As described earlier, the primary advantage of data analysis based on differential topology is the capability to extract not only local features such as singular points but also the global structure of the entire data as the mutual connection among the local features, which easily allows us to represent the data in a hierarchical fashion. In particular, a tree structure called *contour tree*[1] serves as an effective tool for encoding topological changes in the inverse image according to the scalar function value changes, and thus has been employed in many visualization problems.

For a given function *f*:R^{
n
}→R, by contracting each connected component of the inverse images to a point, we get a space *R*_{
f
}, which inherits the quotient topology from R^{
n
}. It is known that *R*_{
f
} has the structure of a graph in general and is often called the *Reeb graph*[12] of *f*. In some contexts, it is a tree and is called a contour tree.

- 1.
Constructing a join tree and a split tree,

- 2.
Constructing an augmented contour tree,

- 3.
Composing a final contour tree.

The first step is to construct a join tree, which describes how connected components in the inverse image joins as the function value decreases. In the case of discrete elevation samples shown in Figure 1, we first triangulate the sample points to interpolate the height field over the 2D data domain first, and then compose a tree by incorporating the discrete samples in the order of the corresponding function values. Suppose that we construct the contour tree of the sample points contained in the yellow region as shown in Figure 1. We first pick up the highest sample point at the height of 220 and add the corresponding vertex to the join tree. We then insert the second highest sample point at the height of 205 as a vertex that is connected with the previously inserted vertex, since it is also adjacent to that vertex in the triangulation of the terrain data. The next highest point at the height of 200 will be incorporated into the tree as a disjoint vertex, since it has no direct connection with the already registered vertices. Finally, when we insert the point at the height of 160, two disjoint sets of vertices will be merged into one. Figure 3(a) shows a join tree of the entire set of discrete terrain data.

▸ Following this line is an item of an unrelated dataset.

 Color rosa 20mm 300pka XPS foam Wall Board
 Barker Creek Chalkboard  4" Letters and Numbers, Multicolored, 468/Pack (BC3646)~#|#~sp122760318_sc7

A split tree can be constructed in the same way if we reorder the discrete samples in an ascending order with respect to the function value, as shown in Figure 3(b). As demonstrated in Figure 3(c), a preliminary version of a contour tree called an *augmented contour tree* can be constructed, by identifying the topological branches in the inverse image by tracking the join tree from the top and the split tree from the bottom. Figure 3(d) presents the final version of the contour tree, which has been obtained by removing non-branching vertices from the augmented contour tree.

As additional options, we can introduce steps for decomposing degenerate singular points into non-degenerate ones [17],[19] to better figure out the spatial configuration of the inverse image [20], for simplifying the contour trees by pruning minor edges for noise removal [5],[18], and for extracting change in genus of the inverse image especially for the case of 3D volumes [11].

**Remark** **1**.

In practical applications, we are lead to analyze functions *V*→R, where *V* is a bounded domain in R^{2} or R^{3}. In such a case, the function often takes extreme values near the boundary: consequently, by adding a virtual point outside of *V* that takes a still more extreme value, we can eliminate the domain boundary so that we get a function on a manifold without boundary. Usually, this kind of a technique is useful for analyzing scalar functions, while this usually does not make sense for multivariate functions.

## Analyzing samples of a function ${R}^{n}\to R$

The aforementioned algorithm is quite effective for discrete samples of 2D/3D scalar fields, since we can linearly interpolate the function value in the data domain easily by decomposing it into triangles/tetrahedra. Nonetheless, implementing the algorithm incurs other problems due to the complexity for partitioning the data domain especially when its dimension is equal to 4 or more.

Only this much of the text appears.